- Your instructions
Write the lines below out exactly, dropping each picture.

- Dataset records
■ ■ ■ ■ ■
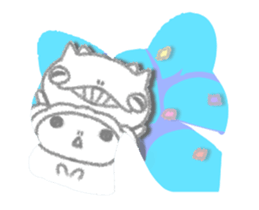 sticky paper animated sticker #15749345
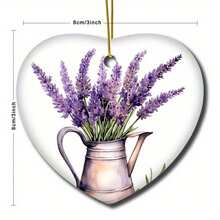 Ceremonial Gravity Metal Ornament Vase Dration-Fireplace Christmas Dr-Lightweight Yet Sturdy-Christmas Tree Toppers-First Home Ornament - trắng - Xem 8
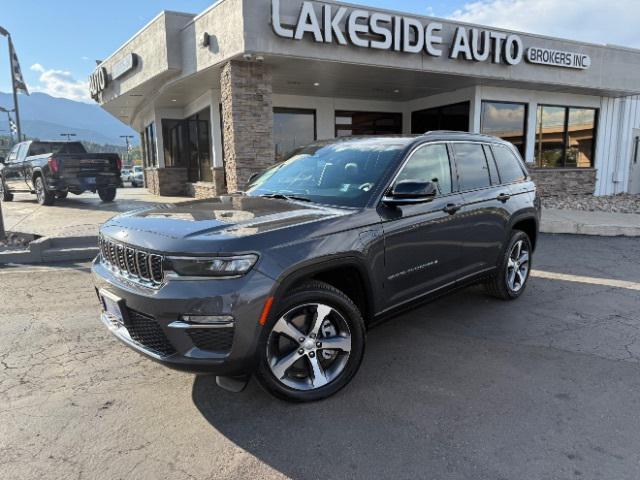 used 2024 Jeep Grand Cherokee 4xe car, priced at $39,900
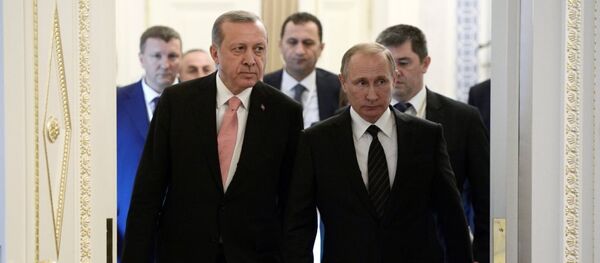 Putin - Erdoğan - Sputnik Türkiye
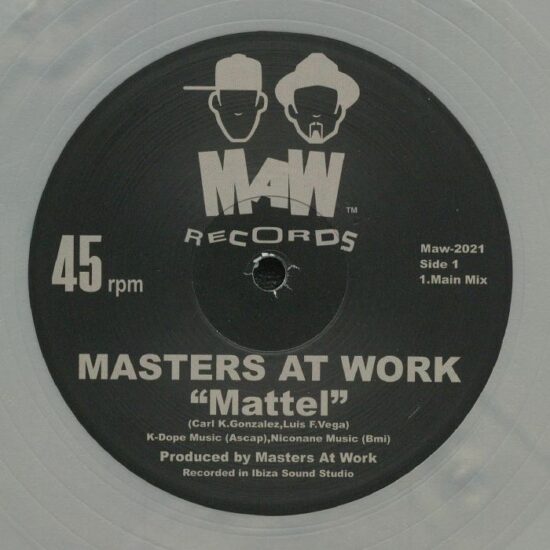 Masters At Work - Mattel (12")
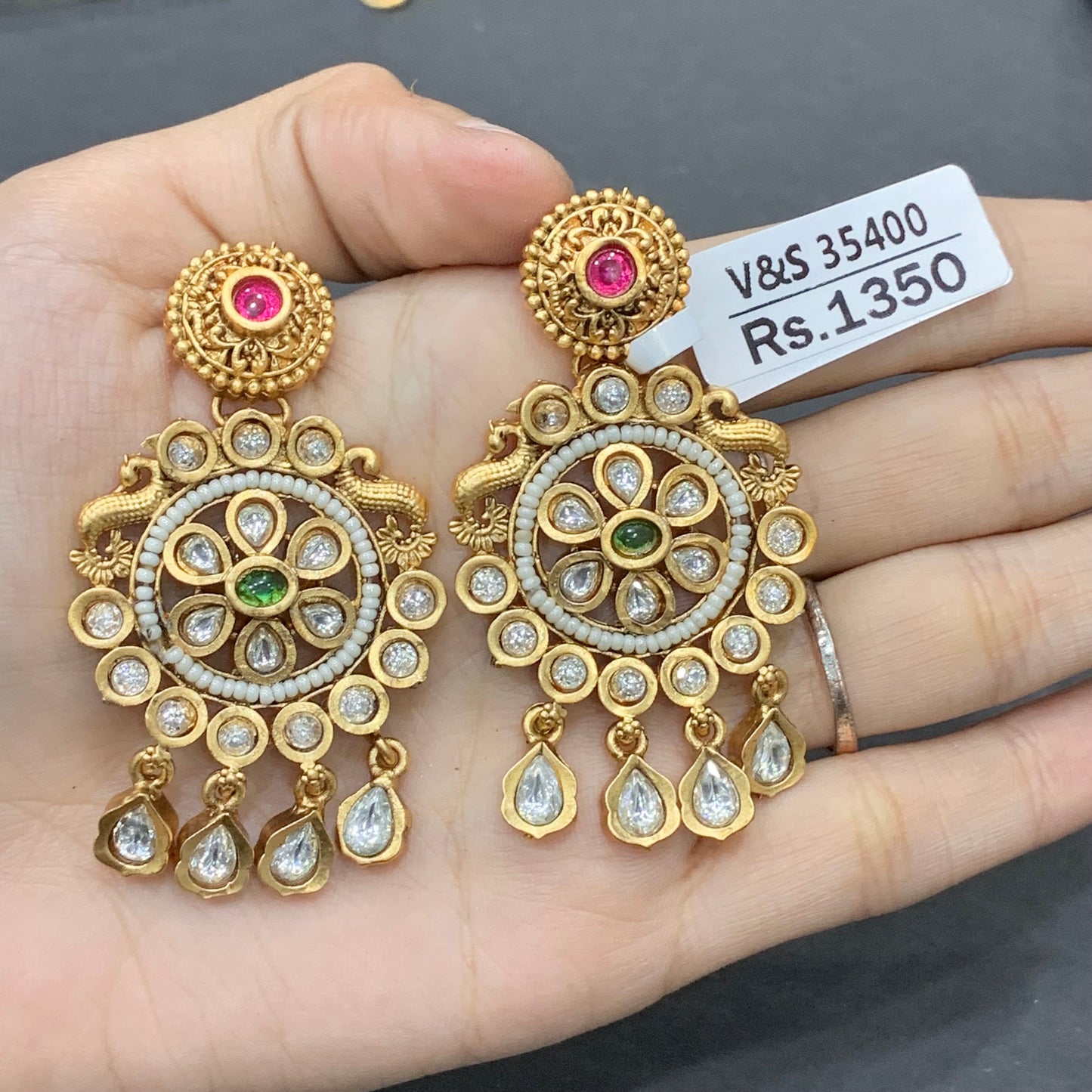 Antique Earrings 565466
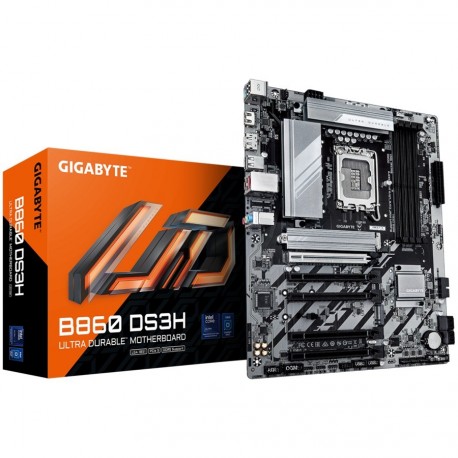 Matična plošča GIGABYTE B860 DS3H, DDR5, LGA1851, ATX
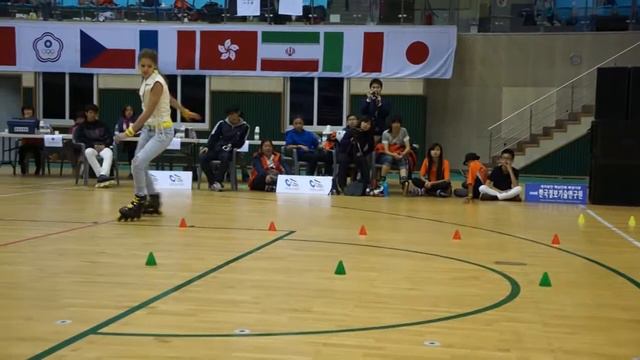 Дарья Кузнецова заняла первое место на NAMWON Korea Open 2014 смотреть онлайн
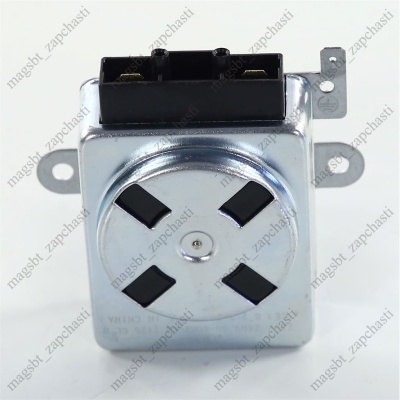 Двигатель вертела духовки 6W 220/240V 3 об/мин 2 контакта photo 2390930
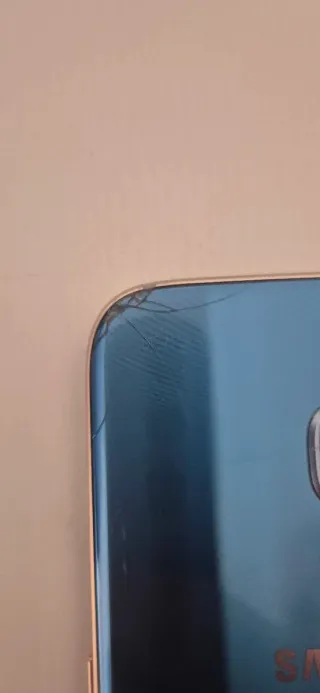 Samsung S20 Edge Azul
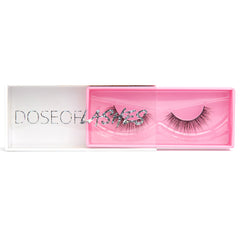 Dose of Lashes 3D Faux Mink Lashes - She Cute (Packaging Shot 2)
■ ■ ■ ■ ■
- Task solution
 sticky paper animated sticker #15749345
 Ceremonial Gravity Metal Ornament Vase Dration-Fireplace Christmas Dr-Lightweight Yet Sturdy-Christmas Tree Toppers-First Home Ornament - trắng - Xem 8
 used 2024 Jeep Grand Cherokee 4xe car, priced at $39,900
 Putin - Erdoğan - Sputnik Türkiye
 Masters At Work - Mattel (12")
 Antique Earrings 565466
 Matična plošča GIGABYTE B860 DS3H, DDR5, LGA1851, ATX
 Дарья Кузнецова заняла первое место на NAMWON Korea Open 2014 смотреть онлайн
 Двигатель вертела духовки 6W 220/240V 3 об/мин 2 контакта photo 2390930
 Samsung S20 Edge Azul
 Dose of Lashes 3D Faux Mink Lashes - She Cute (Packaging Shot 2)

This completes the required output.